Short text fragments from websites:
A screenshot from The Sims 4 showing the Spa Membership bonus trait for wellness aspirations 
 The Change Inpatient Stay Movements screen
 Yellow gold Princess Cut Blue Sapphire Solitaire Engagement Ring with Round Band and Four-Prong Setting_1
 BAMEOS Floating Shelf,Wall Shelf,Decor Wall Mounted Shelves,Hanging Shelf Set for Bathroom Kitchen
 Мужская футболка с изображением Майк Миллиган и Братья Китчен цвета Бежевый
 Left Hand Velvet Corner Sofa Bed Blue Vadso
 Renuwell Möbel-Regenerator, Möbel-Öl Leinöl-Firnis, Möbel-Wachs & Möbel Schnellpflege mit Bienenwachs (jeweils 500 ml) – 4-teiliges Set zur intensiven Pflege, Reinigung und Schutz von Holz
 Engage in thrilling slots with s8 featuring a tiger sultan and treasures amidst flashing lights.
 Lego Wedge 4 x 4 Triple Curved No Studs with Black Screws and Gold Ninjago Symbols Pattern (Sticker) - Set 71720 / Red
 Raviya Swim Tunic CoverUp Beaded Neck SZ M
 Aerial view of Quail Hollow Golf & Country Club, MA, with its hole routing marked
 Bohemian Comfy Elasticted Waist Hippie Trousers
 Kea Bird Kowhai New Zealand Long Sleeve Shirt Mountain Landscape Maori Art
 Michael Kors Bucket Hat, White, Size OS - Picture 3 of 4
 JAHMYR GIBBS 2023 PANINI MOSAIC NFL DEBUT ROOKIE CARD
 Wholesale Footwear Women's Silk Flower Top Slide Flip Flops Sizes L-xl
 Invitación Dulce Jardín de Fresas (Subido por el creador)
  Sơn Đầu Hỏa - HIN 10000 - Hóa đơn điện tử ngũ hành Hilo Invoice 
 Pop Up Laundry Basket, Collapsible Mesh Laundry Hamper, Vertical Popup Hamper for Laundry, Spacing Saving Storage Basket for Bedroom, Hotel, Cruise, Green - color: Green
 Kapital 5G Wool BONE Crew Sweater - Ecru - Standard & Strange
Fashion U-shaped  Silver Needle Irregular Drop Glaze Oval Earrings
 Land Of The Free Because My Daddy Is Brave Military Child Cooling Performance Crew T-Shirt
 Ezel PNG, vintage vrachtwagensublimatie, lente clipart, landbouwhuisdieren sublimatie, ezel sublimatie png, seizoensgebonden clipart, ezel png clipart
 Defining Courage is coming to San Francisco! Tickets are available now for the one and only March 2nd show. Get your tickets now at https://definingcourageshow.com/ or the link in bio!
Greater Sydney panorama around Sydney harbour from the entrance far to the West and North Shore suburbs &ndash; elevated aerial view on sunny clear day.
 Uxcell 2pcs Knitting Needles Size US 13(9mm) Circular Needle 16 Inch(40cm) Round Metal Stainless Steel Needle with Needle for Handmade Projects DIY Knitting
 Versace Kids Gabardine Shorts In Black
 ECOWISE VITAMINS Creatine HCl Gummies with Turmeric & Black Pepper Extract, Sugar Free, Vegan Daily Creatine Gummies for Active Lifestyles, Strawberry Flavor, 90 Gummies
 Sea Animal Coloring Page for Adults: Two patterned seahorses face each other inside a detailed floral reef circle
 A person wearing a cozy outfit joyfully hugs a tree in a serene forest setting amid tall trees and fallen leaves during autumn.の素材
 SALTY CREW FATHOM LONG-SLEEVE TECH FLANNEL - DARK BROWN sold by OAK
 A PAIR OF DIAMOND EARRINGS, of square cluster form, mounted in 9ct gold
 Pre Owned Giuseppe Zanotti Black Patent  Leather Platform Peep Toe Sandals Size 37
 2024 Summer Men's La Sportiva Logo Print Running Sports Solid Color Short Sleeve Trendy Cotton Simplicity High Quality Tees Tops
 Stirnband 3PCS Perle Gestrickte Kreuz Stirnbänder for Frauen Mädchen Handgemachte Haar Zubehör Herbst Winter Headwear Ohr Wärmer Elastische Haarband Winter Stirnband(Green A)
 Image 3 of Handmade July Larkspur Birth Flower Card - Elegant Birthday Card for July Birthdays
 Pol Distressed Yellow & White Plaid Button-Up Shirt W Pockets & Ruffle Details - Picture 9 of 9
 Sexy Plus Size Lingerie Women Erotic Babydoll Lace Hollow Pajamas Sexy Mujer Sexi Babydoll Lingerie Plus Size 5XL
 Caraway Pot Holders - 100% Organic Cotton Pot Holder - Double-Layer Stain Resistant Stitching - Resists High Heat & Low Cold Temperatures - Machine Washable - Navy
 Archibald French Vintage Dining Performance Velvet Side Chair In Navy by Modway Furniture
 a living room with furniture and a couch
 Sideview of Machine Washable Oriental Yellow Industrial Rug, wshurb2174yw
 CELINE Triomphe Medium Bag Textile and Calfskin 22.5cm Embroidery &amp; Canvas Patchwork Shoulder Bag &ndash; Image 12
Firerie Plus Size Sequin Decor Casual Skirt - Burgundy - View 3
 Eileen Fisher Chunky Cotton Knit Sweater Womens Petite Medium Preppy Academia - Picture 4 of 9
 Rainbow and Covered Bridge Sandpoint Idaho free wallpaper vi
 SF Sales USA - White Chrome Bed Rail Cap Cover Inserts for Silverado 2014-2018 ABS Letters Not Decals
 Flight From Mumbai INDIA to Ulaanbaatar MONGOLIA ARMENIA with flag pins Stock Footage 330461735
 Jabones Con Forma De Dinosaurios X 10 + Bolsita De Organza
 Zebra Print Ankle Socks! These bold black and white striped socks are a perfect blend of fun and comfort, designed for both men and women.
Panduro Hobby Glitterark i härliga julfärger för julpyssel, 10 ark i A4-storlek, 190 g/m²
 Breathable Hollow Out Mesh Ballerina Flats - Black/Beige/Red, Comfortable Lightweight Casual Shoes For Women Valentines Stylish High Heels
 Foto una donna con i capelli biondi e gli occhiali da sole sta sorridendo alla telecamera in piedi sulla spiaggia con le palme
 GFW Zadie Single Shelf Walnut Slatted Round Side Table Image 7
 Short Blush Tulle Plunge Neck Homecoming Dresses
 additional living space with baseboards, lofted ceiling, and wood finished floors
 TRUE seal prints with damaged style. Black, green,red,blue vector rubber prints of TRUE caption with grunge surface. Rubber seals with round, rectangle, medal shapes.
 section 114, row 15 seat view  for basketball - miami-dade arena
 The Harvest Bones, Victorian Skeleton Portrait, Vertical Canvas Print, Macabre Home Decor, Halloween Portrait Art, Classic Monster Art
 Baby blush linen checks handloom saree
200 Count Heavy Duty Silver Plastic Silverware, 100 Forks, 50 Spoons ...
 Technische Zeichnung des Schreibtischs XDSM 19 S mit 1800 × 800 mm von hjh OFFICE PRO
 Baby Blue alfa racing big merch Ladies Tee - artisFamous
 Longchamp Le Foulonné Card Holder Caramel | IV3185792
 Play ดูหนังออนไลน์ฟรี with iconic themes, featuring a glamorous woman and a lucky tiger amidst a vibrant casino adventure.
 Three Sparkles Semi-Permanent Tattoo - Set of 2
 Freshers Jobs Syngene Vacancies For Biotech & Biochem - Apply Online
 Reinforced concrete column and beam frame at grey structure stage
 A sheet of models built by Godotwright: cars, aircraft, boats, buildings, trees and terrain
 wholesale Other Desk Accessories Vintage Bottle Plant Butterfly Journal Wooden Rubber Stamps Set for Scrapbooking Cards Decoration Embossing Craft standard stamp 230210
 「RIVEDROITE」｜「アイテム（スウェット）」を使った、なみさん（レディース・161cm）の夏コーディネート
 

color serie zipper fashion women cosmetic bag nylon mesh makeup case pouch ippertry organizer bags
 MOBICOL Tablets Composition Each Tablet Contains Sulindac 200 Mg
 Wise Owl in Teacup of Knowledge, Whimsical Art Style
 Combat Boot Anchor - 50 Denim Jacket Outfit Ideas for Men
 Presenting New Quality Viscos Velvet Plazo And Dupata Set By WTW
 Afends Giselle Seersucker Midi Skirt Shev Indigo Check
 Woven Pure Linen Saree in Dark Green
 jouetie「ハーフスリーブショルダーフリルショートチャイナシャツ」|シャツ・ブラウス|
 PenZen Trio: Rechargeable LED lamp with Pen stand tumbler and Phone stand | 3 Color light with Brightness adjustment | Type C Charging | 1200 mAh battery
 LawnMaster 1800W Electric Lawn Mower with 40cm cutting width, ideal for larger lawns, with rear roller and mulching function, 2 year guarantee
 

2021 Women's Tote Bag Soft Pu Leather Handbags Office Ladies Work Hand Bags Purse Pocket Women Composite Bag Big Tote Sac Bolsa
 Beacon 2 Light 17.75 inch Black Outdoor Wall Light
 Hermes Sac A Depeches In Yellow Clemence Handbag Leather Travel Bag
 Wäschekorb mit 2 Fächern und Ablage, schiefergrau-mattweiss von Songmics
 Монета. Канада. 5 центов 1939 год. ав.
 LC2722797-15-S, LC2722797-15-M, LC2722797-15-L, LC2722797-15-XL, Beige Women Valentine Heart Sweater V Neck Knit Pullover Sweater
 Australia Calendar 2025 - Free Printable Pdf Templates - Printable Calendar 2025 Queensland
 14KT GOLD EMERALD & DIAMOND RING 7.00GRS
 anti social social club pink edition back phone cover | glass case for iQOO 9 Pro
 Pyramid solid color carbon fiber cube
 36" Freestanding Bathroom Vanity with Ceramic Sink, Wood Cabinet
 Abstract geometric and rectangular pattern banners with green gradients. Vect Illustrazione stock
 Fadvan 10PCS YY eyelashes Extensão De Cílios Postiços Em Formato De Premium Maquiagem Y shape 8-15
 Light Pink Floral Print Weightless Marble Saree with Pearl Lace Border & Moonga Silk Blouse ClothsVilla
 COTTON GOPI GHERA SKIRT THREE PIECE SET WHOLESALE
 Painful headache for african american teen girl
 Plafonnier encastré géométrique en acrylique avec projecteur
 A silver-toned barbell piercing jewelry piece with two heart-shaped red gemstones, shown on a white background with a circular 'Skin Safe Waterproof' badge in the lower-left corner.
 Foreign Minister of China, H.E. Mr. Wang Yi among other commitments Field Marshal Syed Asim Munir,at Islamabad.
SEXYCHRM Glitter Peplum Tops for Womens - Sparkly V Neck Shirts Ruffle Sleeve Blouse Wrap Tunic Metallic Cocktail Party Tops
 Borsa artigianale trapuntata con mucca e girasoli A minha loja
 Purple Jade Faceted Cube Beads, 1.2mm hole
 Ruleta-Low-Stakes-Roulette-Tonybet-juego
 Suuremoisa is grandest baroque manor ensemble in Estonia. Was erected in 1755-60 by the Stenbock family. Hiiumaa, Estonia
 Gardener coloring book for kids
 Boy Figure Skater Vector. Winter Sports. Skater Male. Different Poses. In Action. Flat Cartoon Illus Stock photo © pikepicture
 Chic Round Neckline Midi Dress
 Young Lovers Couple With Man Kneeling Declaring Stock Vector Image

The problem
Please print exactly what appears from the first line of the data through the line with "Land Of The", including both of those lines and nothing past them.

Solution for this exercise
A screenshot from The Sims 4 showing the Spa Membership bonus trait for wellness aspirations 
 The Change Inpatient Stay Movements screen
 Yellow gold Princess Cut Blue Sapphire Solitaire Engagement Ring with Round Band and Four-Prong Setting_1
 BAMEOS Floating Shelf,Wall Shelf,Decor Wall Mounted Shelves,Hanging Shelf Set for Bathroom Kitchen
 Мужская футболка с изображением Майк Миллиган и Братья Китчен цвета Бежевый
 Left Hand Velvet Corner Sofa Bed Blue Vadso
 Renuwell Möbel-Regenerator, Möbel-Öl Leinöl-Firnis, Möbel-Wachs & Möbel Schnellpflege mit Bienenwachs (jeweils 500 ml) – 4-teiliges Set zur intensiven Pflege, Reinigung und Schutz von Holz
 Engage in thrilling slots with s8 featuring a tiger sultan and treasures amidst flashing lights.
 Lego Wedge 4 x 4 Triple Curved No Studs with Black Screws and Gold Ninjago Symbols Pattern (Sticker) - Set 71720 / Red
 Raviya Swim Tunic CoverUp Beaded Neck SZ M
 Aerial view of Quail Hollow Golf & Country Club, MA, with its hole routing marked
 Bohemian Comfy Elasticted Waist Hippie Trousers
 Kea Bird Kowhai New Zealand Long Sleeve Shirt Mountain Landscape Maori Art
 Michael Kors Bucket Hat, White, Size OS - Picture 3 of 4
 JAHMYR GIBBS 2023 PANINI MOSAIC NFL DEBUT ROOKIE CARD
 Wholesale Footwear Women's Silk Flower Top Slide Flip Flops Sizes L-xl
 Invitación Dulce Jardín de Fresas (Subido por el creador)
  Sơn Đầu Hỏa - HIN 10000 - Hóa đơn điện tử ngũ hành Hilo Invoice 
 Pop Up Laundry Basket, Collapsible Mesh Laundry Hamper, Vertical Popup Hamper for Laundry, Spacing Saving Storage Basket for Bedroom, Hotel, Cruise, Green - color: Green
 Kapital 5G Wool BONE Crew Sweater - Ecru - Standard & Strange
Fashion U-shaped  Silver Needle Irregular Drop Glaze Oval Earrings
 Land Of The Free Because My Daddy Is Brave Military Child Cooling Performance Crew T-Shirt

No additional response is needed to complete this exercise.